(What to work on) Verbatim copy without images: return all of the data as it stands.

(Collected data entries)
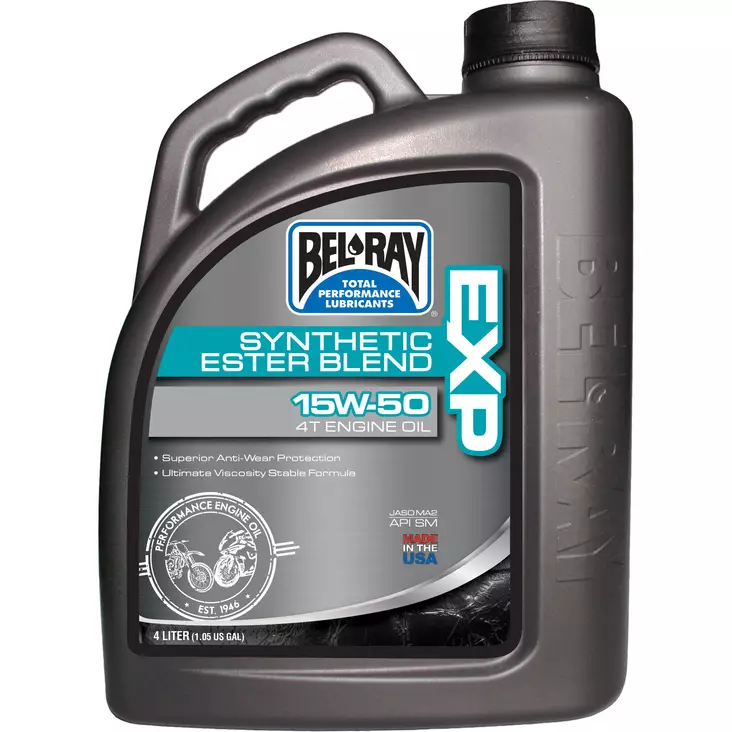 Bel-Ray EXP Synthetic Ester Blend 4T 15W-50 4L - 4-tahtiöljyt - D100932 - 1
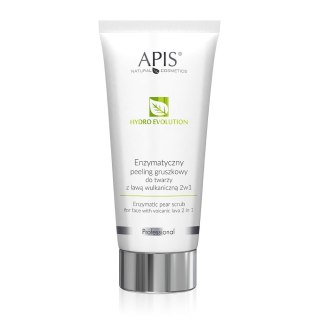 APIS Hydro Evolution enzymatyczny peeling gruszkowy do twarzy z lawą wulkaniczną 2w1 200ml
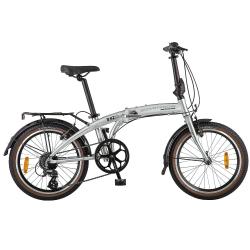 Велосипед Novatrack складной TG-20 20" (2018), рама 12.5", серебристый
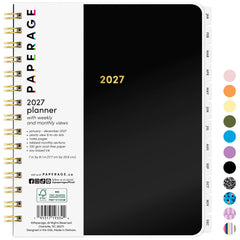 2027 Weekly & Monthly Planner, 12 Months (January 2027 - December 2027), 7 in x 8.1 in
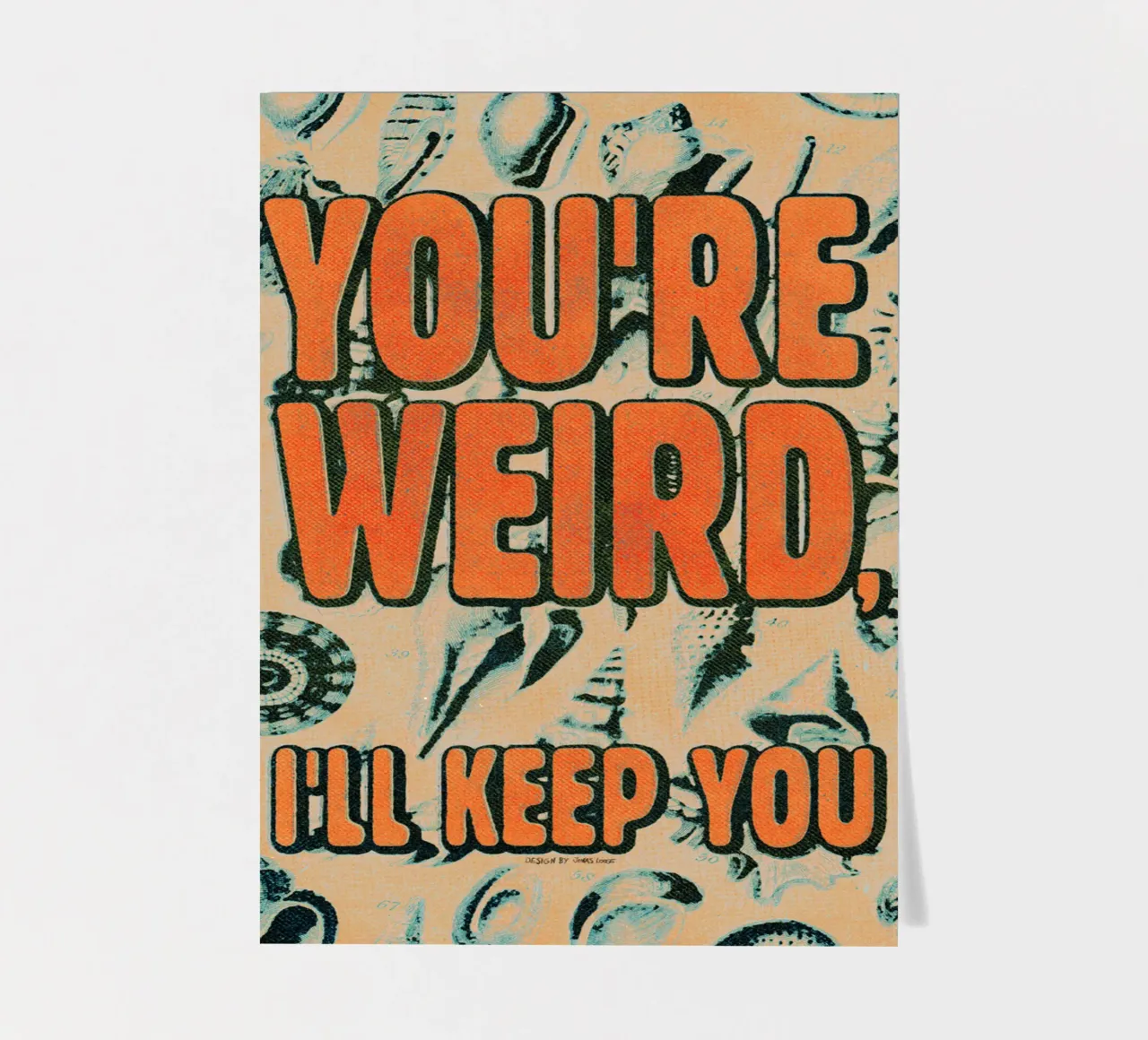 Weird stickervel van Jonas Loose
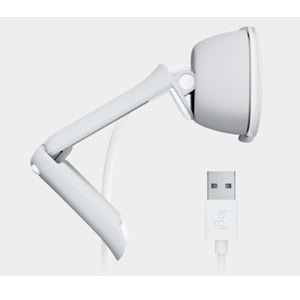 LOGITECH 2MP BRIO 100 Dahili Mikrofonlu Webcam Beyaz 960-001617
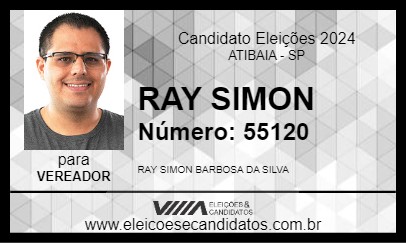 Candidato RAY SIMON 2024 - ATIBAIA - Eleições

(Worked solution)
 Bel-Ray EXP Synthetic Ester Blend 4T 15W-50 4L - 4-tahtiöljyt - D100932 - 1
 APIS Hydro Evolution enzymatyczny peeling gruszkowy do twarzy z lawą wulkaniczną 2w1 200ml
 Велосипед Novatrack складной TG-20 20" (2018), рама 12.5", серебристый
 2027 Weekly & Monthly Planner, 12 Months (January 2027 - December 2027), 7 in x 8.1 in
 Weird stickervel van Jonas Loose
 LOGITECH 2MP BRIO 100 Dahili Mikrofonlu Webcam Beyaz 960-001617
 Candidato RAY SIMON 2024 - ATIBAIA - Eleições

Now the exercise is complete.